[lug] Polling a file under linux
stimits at attbi.com
Mon Apr 21 14:58:42 MDT 2003
Rob Judd wrote:
> On Mon, 21 Apr 2003, Ed Hill wrote:
> >On Mon, 2003-04-21 at 10:57, Rob Judd wrote:
> >>I have a C/C++ application that has to connect to an IP address
> every few
> >>minutes/seconds (exact timing is not yet clear). The IP address may
> >>change as the application is running, and the exact address is stored in
> >>Since this file may change at any time I have to check it before each
> >>connection. It seems to me that my options are
> >>1. read the contents of the file before every connection
> >>2. stat the file before every connection
> >>both of these are rather expensive, especially if connections are made
> >>several times a second.
> >>Is there a better way to poll a file to see when it changes? (This
> is in
> >>C or C++)
> >The program that you describe sounds like a typical daemon--something
> >thats running more-or-less continually and has a config file. The
> Yep, that's the general situation.
> >ages-old Un*x solution for this problem is to *NOT* poll the config
> >file. Instead, the program or user that has modified the config file
> >must then send a signal ("kill -HUP [PID]") to the daemon to tell it to
> >re-read the config file. The daemon has previously registered one or
> >more signal handlers that then (re-)read the config file and (re-)set
> >any connections, etc. while keeping any needed state.
> >This solves two problems:
> > 1) you don't waste lots of time/effort polling, and
> > 2) the potential *RACE CONDITION* of having a partially-edited
> > config file is (largely) avoided.
> >Think about it.
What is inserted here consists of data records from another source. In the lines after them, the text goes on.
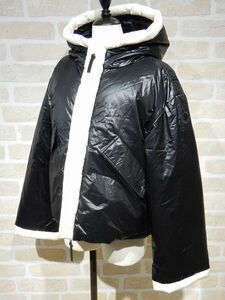 MONCLER/モンクレール Alisia ショートダウン ジャケット サイズ1 【6483y1】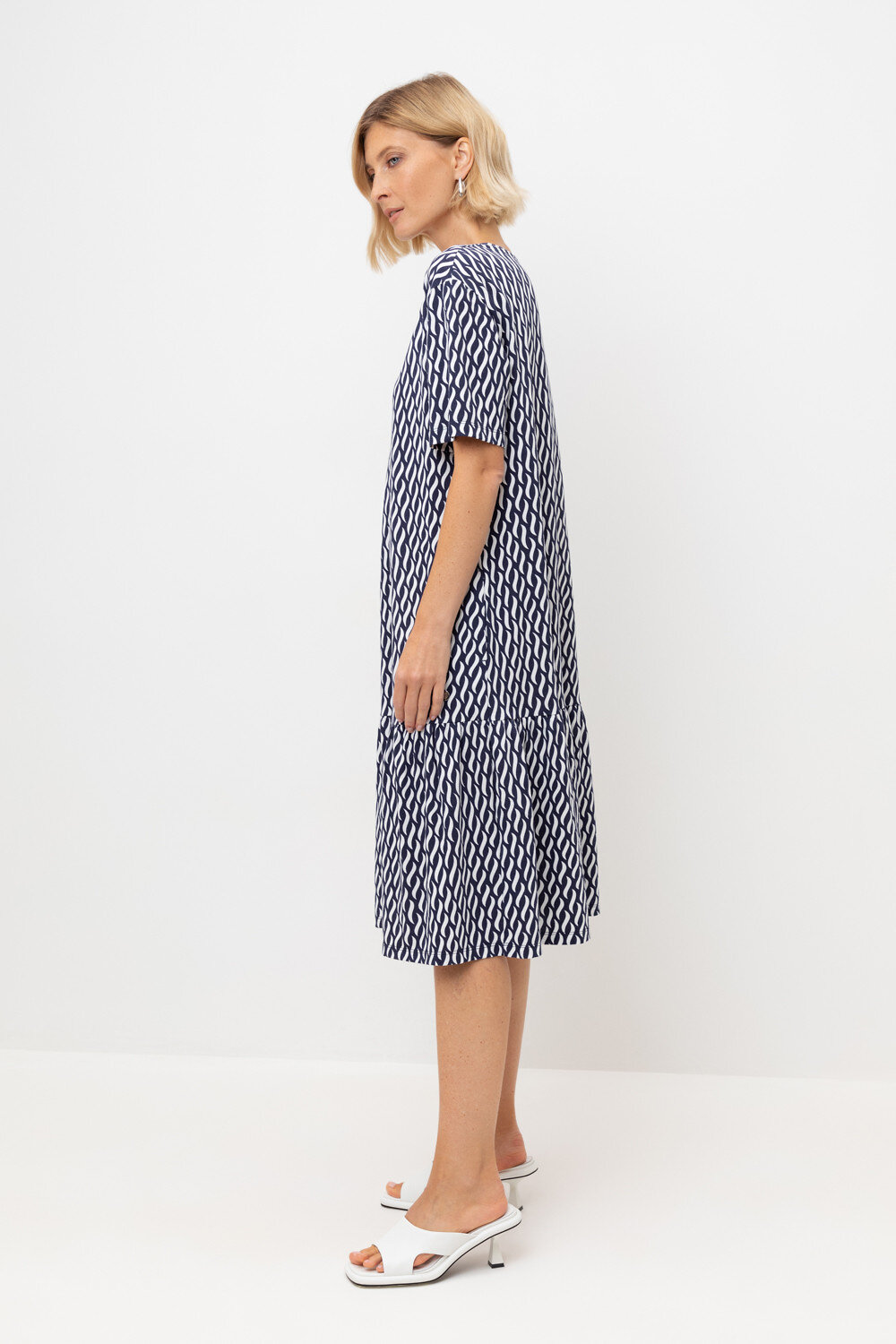 VERY NEAT Платье 568630 ЕВТ 5066 синий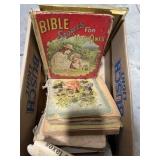 Old Children's Books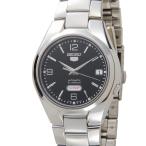 セイコー SEIKO メンズ 腕時計 SNK623K1 セイコー5 ファイブ オートマティック 海外モデル ブラック 新品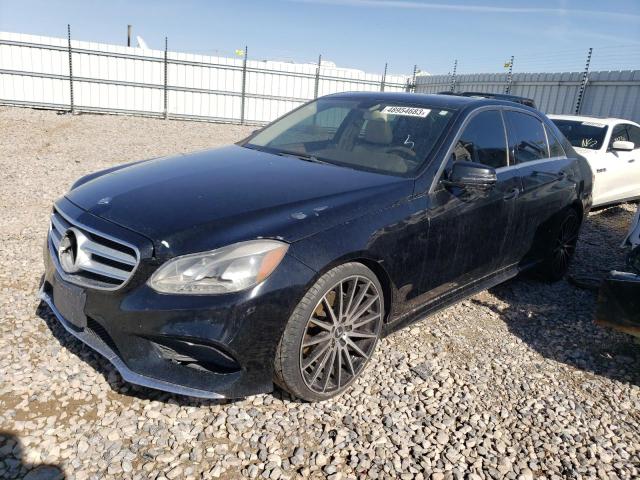 MERCEDES-BENZ E 350 2014 wddhf5kb2ea843265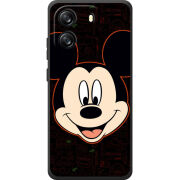 Чохол BoxFace Blackview Oscal Flat 1C 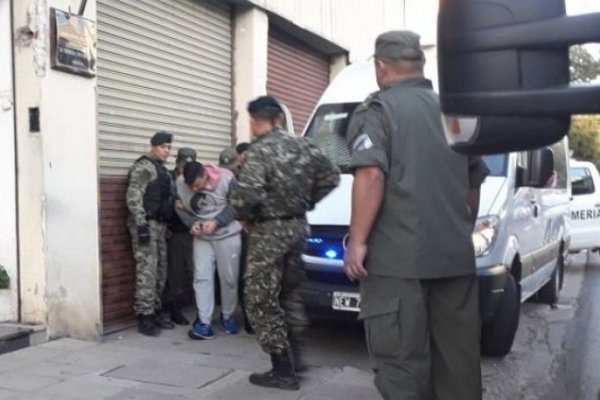 Comenzarán las indagatorias a la megabanda narco: Dos detenidos no prestarán declaración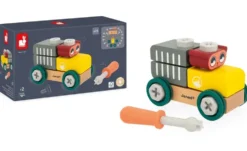 BRICO'KIDS - VOITURE A BRICOLER OURS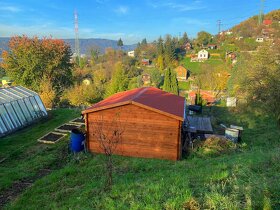 Prodej zahrady s chatkou, 534 m², Děčín - 9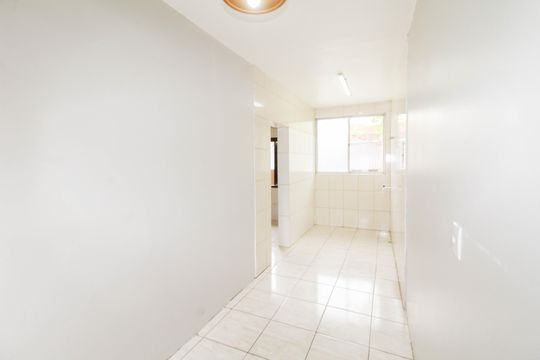 Cozinha de casa para alugar com 2 quartos, 160m² em Centro, Canoas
The second problem is non-trivial. While a config file
> >is being edited, it could easily contain incomplete information.
> This is a great suggestion, thanks. However, it brings to mind the
> /etc/resolv.conf file. This is (potentially) used by several
> applications, so it becomes infeasible to use the above method. Does
> anyone know how applications use that file?
As a slight twist on this, if your application has a name for the IP
address, then /etc/hosts, if modified will always be the right IP
address when connecting by name. One possibly major headache of this
scheme is that only root can update /etc/hosts.